The cylinders look decent, I noticed a bit of pitting where the rings were, the car was parked 25 years. The pistons appear to be STD, 4 are “G” 2 are “H”, the block is stamped near each cylinder with the G, H and all pistons are numbered 1-6. I have not removed the crank. The cylinder head is in very good condition in the water jacket areas, the car has anti freeze when parked. I need 2 of the lifter sleeved replaced/repaired, one is moving with the lifter, the other is starting to. The damper needs to be rebuilt.If the main journals on the crank look ok I may be inclined to hone the cylinders, re-ring the pistons and replace the bearings STD. Any thoughts will be greatly appreciated. My plan is to clean the car up drive it.

(Horatiocaine) #7

Rod bearings are std.
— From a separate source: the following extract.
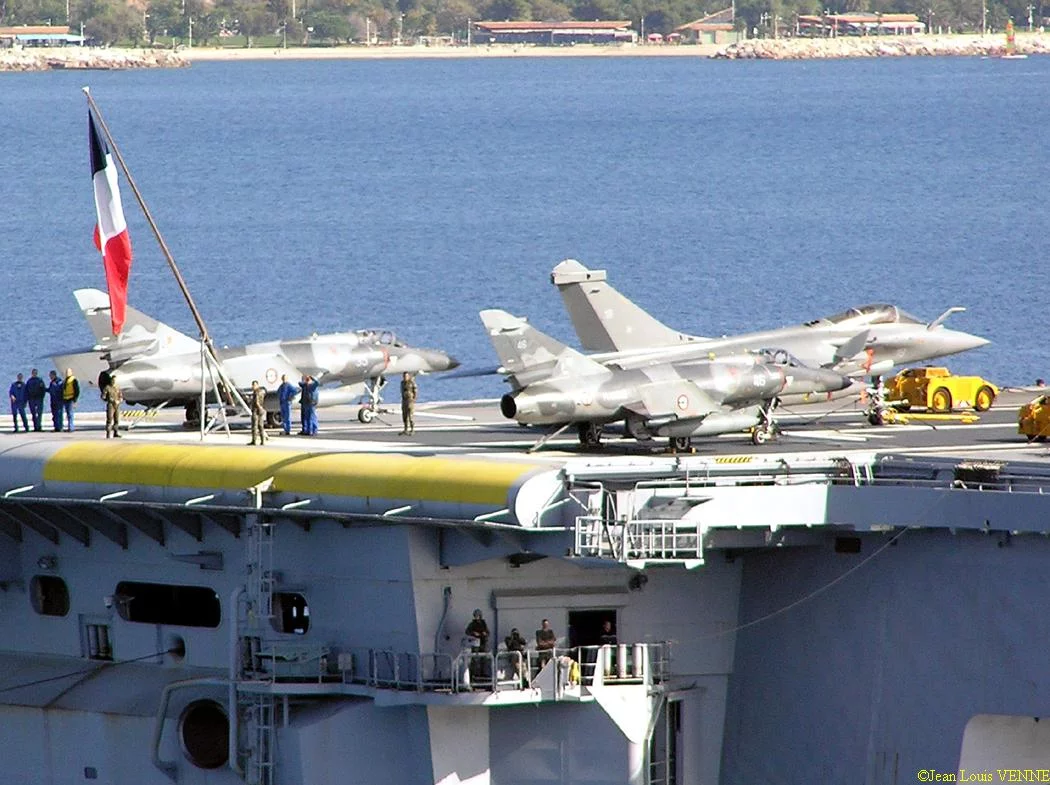 Le Charles de Gaulle prend la mer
I feel the rod journals may be usable, I need to replace all the timing chain dampers, I will want to have the crank, flywheel, clutch and damper balanced

(Lee140FHC) #8

Bear in mind that if you want the bare block “cleaned”, it is now done with heat instead of chemicals…(CA eco laws). Since I was to have my block bored and align honed, the oven treatment was not an issue for me. But my machinist said the cleaning regimen does require boring/honing and crank journal align bore afterward because of the amount of heat used.
I used a crank guy in Santa Fe Springs on Sorenson rd…Lopez, IIRC, and my balance guy is in N. Long Beach on Cherry…I will look for the name…
I have posted about this before so do a search of this site.
You can do a pretty good job of cleaning everything yourself with some ingenuity and patience.

(Roger King) #9

Oh, bad luck guys. In the UK it’s still a very effective chemical process - for now

(TheoSoares) #10

I’ll send you a PM with some shops in the area.

(Lee140FHC) #11

“Revco” is the balance guy in N. Long Beach…Lopez Crank IS correct for the shop on Sorenson, Santa Fe Springs…you should see the exotic cranks the guy has in his shop at any given time.

(Roger King) #12

I had a lot of work done on some NOS (std) 1964 289 cranks by a guy called Armondo (Custom Crank Repairs??) in Santa Clara a few years back, outstanding work. I gather he’s not quick, though.